*** Opening EXCERPTED DATA ***

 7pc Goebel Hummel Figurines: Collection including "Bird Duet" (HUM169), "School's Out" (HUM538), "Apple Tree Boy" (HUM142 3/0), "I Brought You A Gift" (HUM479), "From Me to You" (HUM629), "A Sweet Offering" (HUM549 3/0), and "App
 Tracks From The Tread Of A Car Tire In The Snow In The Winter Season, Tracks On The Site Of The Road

*** Closing EXCERPTED DATA ***
*** Opening EXCERPTED DATA ***

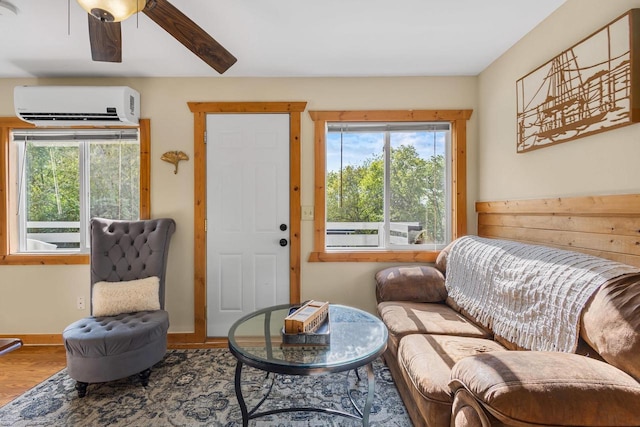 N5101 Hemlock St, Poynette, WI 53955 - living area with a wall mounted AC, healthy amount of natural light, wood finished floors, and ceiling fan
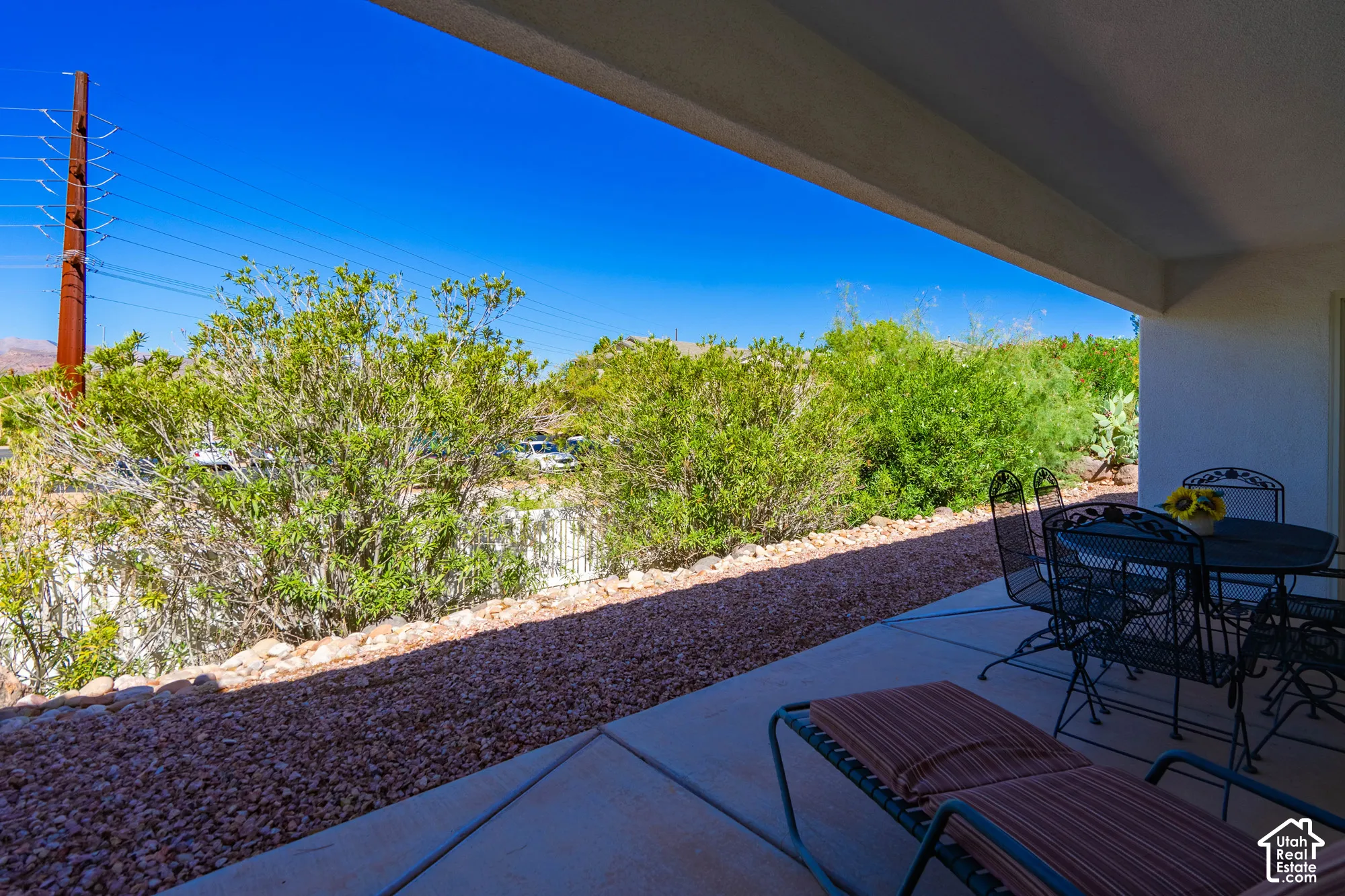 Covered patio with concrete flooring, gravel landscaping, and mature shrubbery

*** Closing EXCERPTED DATA ***
*** Opening EXCERPTED DATA ***

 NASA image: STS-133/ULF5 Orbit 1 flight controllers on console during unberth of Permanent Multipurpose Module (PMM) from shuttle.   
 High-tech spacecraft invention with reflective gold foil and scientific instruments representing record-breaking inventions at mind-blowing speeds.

*** Closing EXCERPTED DATA ***

ASSIGNMENT -> With the pictures omitted, copy the entries above exactly from the line containing "N5101 Hemlock St, Poynette, WI" through the line containing "Covered patio with", both lines included.

RESPONSE TO THE EXERCISE ->
 N5101 Hemlock St, Poynette, WI 53955 - living area with a wall mounted AC, healthy amount of natural light, wood finished floors, and ceiling fan
 Covered patio with concrete flooring, gravel landscaping, and mature shrubbery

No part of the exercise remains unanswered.